▶ **Problem statement**: Produce a verbatim transcript of the entries below, excluding pictures.

• • • • • • •

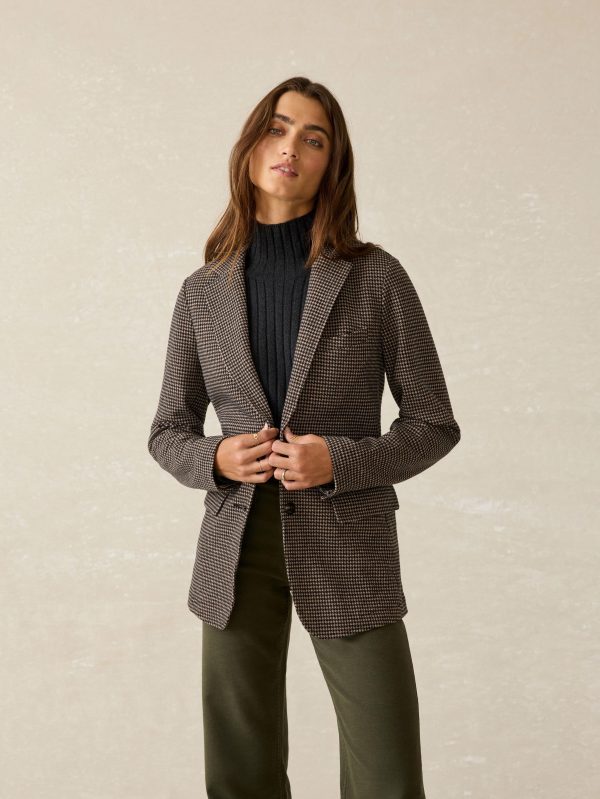 HOL24-FAHERTY-WOMENS-WOH2423-MMH-INLET-HERRINGBONE-BLAZER-MOCHA-MOUNTAIN-HOUNDSTOOTH_OM_FRONT_CROP_1.jpg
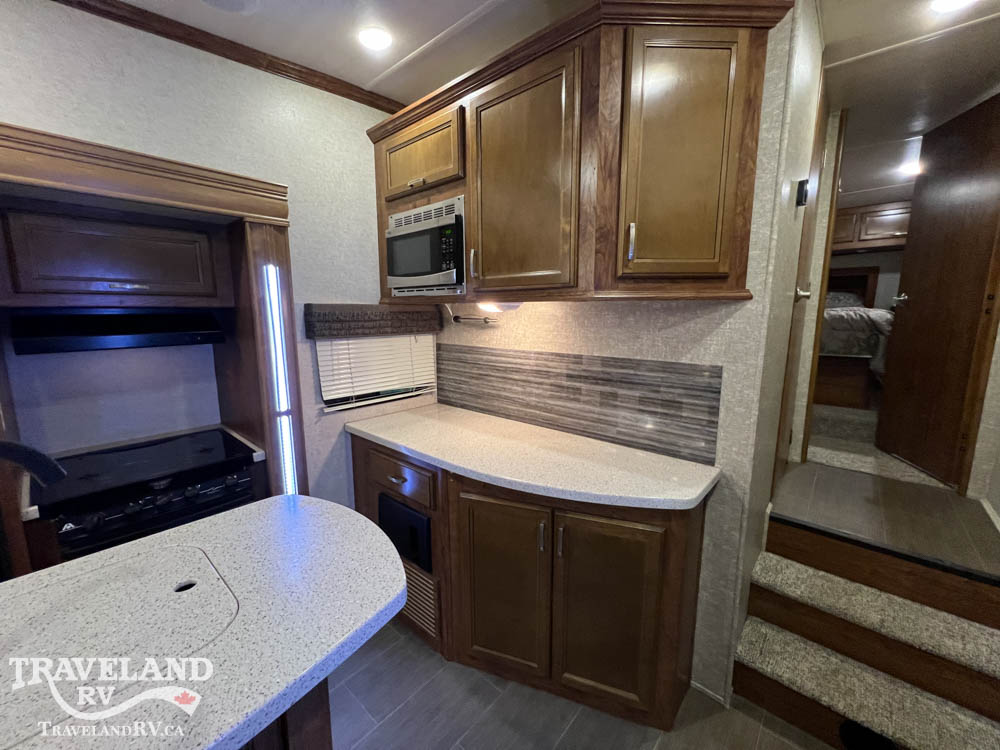 2017 Heartland Sundance XLT SD XLT 289TS - Image 12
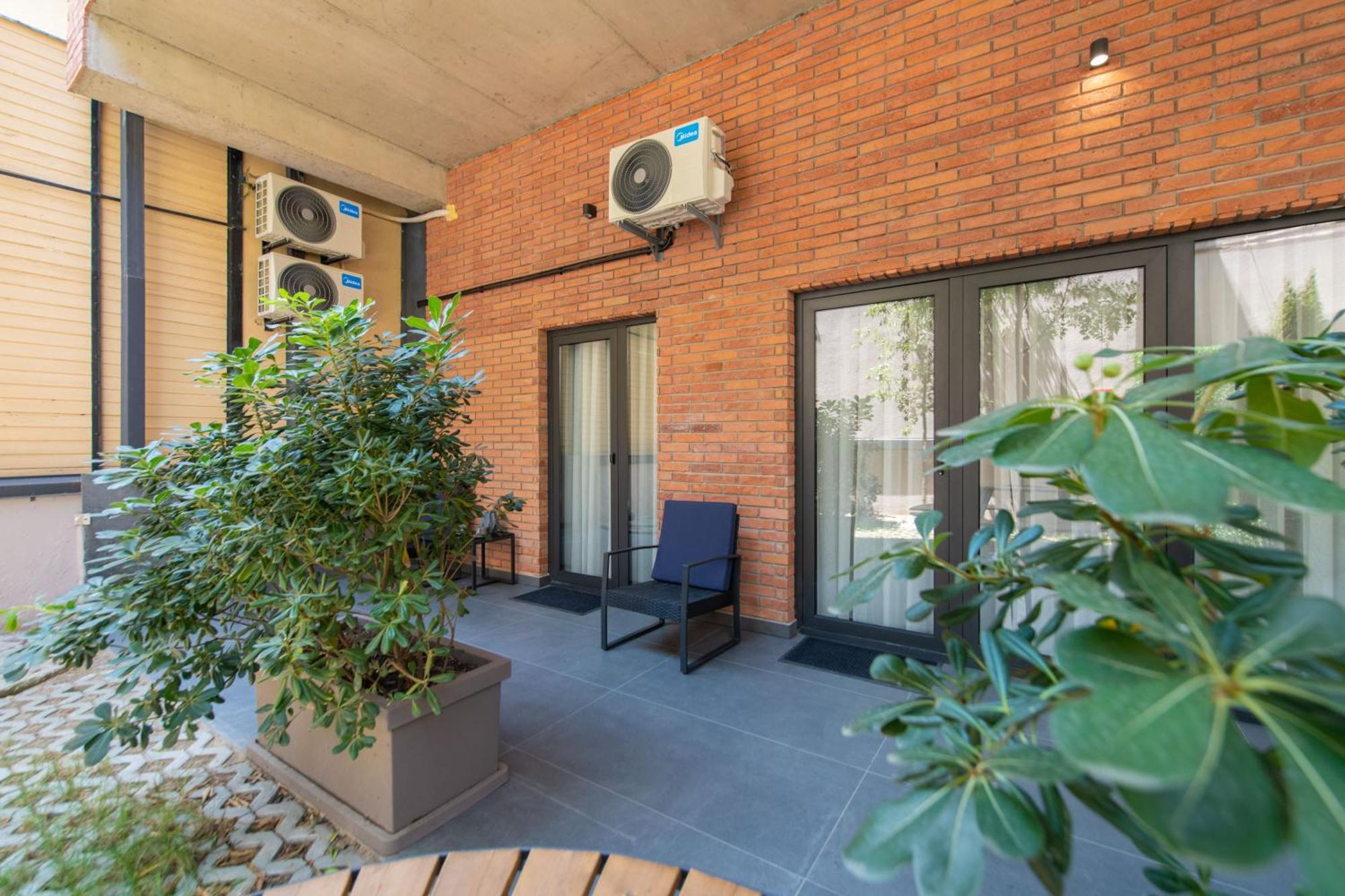 Qstay Gratus Tbilisi Exterior photo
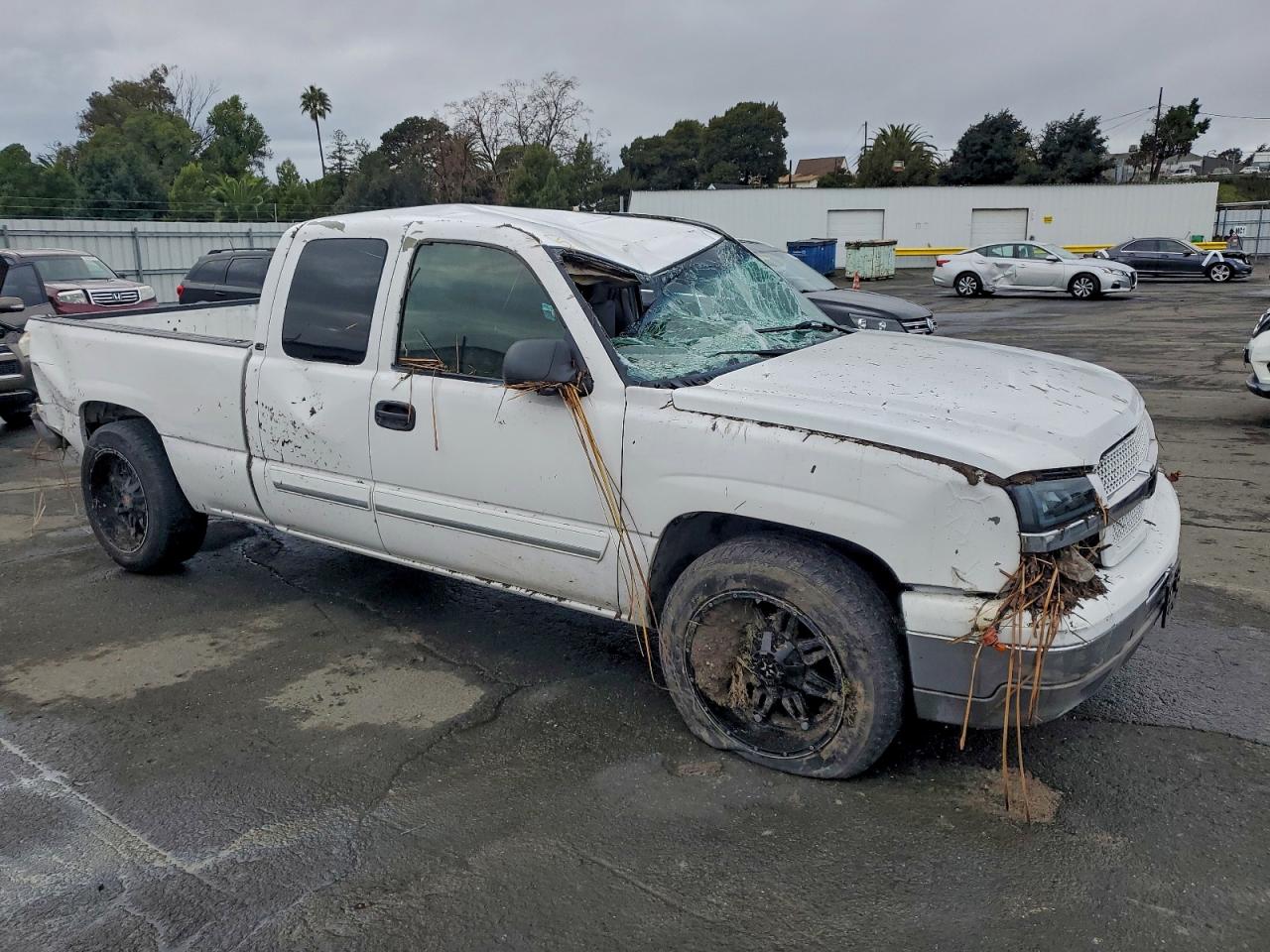 2003 CHEVROLET SILVERADO C1500 photo 4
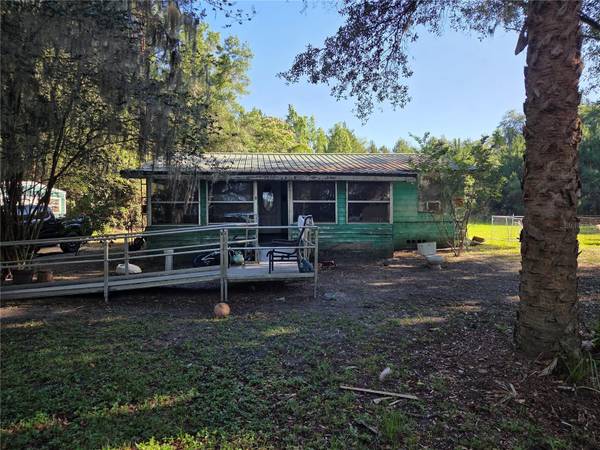 9845 NW 160TH ST, Reddick, FL 32686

• • • • • • •

▶ **Solution to this task**:
 HOL24-FAHERTY-WOMENS-WOH2423-MMH-INLET-HERRINGBONE-BLAZER-MOCHA-MOUNTAIN-HOUNDSTOOTH_OM_FRONT_CROP_1.jpg
 2017 Heartland Sundance XLT SD XLT 289TS - Image 12
 Qstay Gratus Tbilisi Exterior photo
 2003 CHEVROLET SILVERADO C1500 photo 4
 9845 NW 160TH ST, Reddick, FL 32686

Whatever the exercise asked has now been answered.